((

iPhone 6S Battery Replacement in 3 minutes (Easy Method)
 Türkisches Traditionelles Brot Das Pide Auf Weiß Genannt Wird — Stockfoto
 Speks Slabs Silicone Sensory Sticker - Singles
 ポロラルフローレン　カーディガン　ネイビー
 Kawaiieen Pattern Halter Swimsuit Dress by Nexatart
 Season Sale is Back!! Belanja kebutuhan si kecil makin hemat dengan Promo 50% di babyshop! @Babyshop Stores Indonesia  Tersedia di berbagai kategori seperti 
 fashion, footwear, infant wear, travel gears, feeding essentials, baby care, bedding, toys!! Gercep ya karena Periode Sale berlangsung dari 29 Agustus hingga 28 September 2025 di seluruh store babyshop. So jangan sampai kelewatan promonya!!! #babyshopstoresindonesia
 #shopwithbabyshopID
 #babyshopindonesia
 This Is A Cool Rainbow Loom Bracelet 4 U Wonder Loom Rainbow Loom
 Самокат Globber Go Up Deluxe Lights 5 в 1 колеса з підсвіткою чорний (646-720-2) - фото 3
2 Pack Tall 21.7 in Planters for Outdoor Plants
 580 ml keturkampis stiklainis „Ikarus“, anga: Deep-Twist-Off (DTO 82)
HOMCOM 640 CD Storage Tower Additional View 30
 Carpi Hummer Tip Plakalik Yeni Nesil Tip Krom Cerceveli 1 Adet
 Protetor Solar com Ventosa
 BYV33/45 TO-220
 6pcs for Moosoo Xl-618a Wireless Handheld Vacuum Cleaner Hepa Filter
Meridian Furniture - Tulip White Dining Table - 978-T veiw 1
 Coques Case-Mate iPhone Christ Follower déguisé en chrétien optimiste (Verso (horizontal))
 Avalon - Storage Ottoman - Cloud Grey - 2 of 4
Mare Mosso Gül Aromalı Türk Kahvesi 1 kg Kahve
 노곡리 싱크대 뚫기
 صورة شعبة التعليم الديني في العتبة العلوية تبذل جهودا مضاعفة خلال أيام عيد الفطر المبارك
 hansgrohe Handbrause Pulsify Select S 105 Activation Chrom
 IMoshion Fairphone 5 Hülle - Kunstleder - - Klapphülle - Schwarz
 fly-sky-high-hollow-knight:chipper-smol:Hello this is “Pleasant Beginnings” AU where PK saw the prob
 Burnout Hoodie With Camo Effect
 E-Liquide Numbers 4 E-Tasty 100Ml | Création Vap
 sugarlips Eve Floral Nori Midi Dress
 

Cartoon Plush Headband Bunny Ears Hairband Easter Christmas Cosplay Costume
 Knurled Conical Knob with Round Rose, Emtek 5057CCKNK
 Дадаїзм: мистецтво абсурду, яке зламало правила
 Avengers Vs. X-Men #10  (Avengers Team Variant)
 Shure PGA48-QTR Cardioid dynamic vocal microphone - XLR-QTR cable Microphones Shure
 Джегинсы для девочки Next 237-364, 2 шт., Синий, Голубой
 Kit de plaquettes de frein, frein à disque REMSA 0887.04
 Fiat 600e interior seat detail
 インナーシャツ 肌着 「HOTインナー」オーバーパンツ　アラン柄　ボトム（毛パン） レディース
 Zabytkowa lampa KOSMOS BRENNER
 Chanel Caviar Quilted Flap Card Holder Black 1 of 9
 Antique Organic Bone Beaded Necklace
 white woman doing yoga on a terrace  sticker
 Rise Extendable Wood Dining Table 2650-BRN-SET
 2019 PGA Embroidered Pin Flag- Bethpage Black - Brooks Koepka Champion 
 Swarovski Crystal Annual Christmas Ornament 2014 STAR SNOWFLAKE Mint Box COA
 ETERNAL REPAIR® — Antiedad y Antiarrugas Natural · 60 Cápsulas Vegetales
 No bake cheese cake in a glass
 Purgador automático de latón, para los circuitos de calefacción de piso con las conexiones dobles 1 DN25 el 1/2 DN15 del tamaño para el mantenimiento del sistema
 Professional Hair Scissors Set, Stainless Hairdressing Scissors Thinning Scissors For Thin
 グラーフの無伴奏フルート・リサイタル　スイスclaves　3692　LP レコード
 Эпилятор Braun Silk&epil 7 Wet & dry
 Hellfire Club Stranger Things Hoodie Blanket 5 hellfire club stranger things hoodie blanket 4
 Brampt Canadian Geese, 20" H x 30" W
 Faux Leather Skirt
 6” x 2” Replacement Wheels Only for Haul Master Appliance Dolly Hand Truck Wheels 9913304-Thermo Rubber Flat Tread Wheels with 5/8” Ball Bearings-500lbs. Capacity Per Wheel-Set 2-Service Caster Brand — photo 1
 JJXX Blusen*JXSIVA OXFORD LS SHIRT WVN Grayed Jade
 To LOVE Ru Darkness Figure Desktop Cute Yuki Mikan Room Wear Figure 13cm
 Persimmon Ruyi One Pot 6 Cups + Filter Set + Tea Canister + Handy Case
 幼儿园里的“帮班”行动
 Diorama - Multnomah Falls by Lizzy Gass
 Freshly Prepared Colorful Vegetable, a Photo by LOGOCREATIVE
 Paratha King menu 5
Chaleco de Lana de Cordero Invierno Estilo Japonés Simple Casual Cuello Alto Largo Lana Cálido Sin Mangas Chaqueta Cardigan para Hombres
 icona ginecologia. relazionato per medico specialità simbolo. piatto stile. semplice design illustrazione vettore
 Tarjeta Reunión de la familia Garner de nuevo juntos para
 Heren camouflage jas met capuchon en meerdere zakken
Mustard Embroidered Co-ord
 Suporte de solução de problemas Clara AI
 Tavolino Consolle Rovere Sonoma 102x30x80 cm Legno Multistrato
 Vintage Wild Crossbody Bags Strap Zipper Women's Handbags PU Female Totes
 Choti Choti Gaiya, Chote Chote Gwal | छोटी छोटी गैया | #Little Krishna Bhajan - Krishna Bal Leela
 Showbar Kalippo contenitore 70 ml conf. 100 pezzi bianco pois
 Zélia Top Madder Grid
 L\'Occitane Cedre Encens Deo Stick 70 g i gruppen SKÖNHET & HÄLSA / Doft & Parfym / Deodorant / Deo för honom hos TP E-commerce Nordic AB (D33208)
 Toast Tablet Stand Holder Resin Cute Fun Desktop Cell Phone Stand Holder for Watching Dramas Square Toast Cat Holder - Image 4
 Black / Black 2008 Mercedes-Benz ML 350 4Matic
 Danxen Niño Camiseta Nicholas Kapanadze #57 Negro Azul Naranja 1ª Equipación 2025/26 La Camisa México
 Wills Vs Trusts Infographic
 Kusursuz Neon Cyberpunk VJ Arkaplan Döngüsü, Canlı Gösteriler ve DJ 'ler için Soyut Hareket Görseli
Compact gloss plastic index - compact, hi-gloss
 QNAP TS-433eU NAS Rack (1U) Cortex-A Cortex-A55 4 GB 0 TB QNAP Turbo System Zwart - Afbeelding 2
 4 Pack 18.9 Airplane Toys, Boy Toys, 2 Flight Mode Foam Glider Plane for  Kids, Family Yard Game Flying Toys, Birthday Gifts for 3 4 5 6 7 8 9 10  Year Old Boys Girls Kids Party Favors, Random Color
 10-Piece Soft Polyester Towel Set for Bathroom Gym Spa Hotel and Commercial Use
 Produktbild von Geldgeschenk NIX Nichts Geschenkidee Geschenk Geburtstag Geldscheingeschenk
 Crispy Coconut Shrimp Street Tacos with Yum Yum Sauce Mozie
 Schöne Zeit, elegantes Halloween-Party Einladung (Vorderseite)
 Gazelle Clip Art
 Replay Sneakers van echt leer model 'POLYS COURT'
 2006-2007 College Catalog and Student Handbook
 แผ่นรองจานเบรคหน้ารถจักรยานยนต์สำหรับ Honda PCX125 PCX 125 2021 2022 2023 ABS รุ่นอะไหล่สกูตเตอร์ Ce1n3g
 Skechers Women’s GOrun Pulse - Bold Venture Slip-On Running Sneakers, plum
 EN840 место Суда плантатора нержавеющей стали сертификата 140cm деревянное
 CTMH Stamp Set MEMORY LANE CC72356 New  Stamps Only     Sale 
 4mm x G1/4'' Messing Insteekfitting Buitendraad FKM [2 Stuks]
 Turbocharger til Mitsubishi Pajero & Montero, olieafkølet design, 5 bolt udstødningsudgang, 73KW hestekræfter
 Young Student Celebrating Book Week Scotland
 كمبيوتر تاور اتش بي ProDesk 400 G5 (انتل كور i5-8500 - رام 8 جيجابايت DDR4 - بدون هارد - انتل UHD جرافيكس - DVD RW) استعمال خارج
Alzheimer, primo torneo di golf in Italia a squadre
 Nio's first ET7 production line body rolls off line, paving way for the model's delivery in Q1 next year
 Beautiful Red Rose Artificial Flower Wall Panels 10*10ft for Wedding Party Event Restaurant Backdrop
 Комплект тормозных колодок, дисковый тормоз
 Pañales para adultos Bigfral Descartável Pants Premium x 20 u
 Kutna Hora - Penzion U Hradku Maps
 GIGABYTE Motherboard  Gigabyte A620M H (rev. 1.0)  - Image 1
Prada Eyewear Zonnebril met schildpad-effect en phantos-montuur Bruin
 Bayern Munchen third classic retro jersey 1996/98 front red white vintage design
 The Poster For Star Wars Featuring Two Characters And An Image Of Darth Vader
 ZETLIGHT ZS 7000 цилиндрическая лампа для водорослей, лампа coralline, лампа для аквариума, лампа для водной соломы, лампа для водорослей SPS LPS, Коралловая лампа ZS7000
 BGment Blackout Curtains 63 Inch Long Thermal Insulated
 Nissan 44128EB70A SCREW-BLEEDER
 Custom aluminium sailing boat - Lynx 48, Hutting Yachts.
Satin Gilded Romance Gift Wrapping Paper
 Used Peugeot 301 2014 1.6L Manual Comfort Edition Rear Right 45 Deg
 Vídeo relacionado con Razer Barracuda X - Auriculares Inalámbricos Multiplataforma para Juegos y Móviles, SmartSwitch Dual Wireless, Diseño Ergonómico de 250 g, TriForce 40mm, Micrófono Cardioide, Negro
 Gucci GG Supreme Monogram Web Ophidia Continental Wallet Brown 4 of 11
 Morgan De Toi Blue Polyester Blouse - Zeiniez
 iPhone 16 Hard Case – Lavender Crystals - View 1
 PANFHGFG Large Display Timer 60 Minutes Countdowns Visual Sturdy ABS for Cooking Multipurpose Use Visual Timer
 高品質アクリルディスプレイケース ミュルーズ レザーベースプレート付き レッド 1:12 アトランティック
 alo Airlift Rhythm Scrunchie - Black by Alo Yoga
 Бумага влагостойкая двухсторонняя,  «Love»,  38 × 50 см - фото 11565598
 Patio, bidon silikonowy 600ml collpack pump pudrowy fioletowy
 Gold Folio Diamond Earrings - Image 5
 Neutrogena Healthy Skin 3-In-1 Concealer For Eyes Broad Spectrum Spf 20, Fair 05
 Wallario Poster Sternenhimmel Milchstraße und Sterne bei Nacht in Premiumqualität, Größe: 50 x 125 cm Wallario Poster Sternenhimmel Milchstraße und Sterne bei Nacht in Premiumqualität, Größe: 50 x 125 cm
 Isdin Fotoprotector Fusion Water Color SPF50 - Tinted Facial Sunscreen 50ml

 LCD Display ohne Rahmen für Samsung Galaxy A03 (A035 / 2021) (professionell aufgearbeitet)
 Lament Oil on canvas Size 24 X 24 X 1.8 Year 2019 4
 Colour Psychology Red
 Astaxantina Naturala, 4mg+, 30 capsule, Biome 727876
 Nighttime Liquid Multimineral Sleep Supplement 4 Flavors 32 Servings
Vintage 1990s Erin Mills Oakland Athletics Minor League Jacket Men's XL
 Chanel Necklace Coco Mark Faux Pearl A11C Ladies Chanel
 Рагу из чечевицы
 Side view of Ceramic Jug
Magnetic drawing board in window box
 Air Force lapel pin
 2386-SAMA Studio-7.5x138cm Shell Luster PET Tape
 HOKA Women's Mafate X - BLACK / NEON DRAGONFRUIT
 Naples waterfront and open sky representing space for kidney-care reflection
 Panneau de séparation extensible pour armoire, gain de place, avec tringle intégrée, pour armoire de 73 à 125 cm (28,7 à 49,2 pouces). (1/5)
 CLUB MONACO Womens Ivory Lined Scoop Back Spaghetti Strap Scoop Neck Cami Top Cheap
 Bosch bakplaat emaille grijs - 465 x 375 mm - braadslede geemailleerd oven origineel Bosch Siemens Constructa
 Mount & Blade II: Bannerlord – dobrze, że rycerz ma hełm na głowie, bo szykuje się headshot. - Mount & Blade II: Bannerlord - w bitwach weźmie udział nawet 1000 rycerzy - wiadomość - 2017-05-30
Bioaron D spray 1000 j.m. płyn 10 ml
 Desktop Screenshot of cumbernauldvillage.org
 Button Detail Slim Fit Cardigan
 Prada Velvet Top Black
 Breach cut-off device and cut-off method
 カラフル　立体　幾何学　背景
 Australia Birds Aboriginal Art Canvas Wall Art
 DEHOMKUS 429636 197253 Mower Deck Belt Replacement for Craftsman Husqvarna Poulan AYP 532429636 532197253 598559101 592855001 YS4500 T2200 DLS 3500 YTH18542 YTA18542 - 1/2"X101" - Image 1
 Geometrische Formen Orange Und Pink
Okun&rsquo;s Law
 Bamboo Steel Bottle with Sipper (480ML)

))

Copy out each line of the data above, exactly, if it lies between the line holding "Gold Folio Diamond Earrings - Image 5" and the line holding "Astaxantina Naturala, 4mg+, 30", inclusive; copy no other line.

→ **ANSWER BOX**:
 Gold Folio Diamond Earrings - Image 5
 Neutrogena Healthy Skin 3-In-1 Concealer For Eyes Broad Spectrum Spf 20, Fair 05
 Wallario Poster Sternenhimmel Milchstraße und Sterne bei Nacht in Premiumqualität, Größe: 50 x 125 cm Wallario Poster Sternenhimmel Milchstraße und Sterne bei Nacht in Premiumqualität, Größe: 50 x 125 cm
 Isdin Fotoprotector Fusion Water Color SPF50 - Tinted Facial Sunscreen 50ml

 LCD Display ohne Rahmen für Samsung Galaxy A03 (A035 / 2021) (professionell aufgearbeitet)
 Lament Oil on canvas Size 24 X 24 X 1.8 Year 2019 4
 Colour Psychology Red
 Astaxantina Naturala, 4mg+, 30 capsule, Biome 727876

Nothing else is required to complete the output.